| Information shown |
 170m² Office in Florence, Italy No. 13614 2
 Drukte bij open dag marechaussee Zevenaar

...

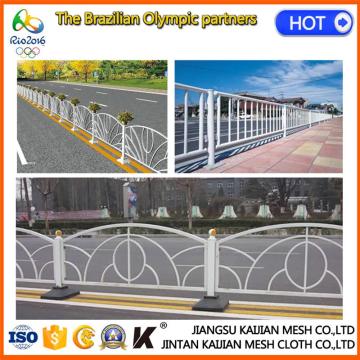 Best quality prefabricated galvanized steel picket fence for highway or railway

| Exercise goal |
Would you retype exactly the lines above, from the line with "170m² Office in Florence, Italy No. 13614 2" to the line with "Drukte bij open dag marechaussee Zevenaar", with both end lines kept and nothing more?

| Answer below |
 170m² Office in Florence, Italy No. 13614 2
 Drukte bij open dag marechaussee Zevenaar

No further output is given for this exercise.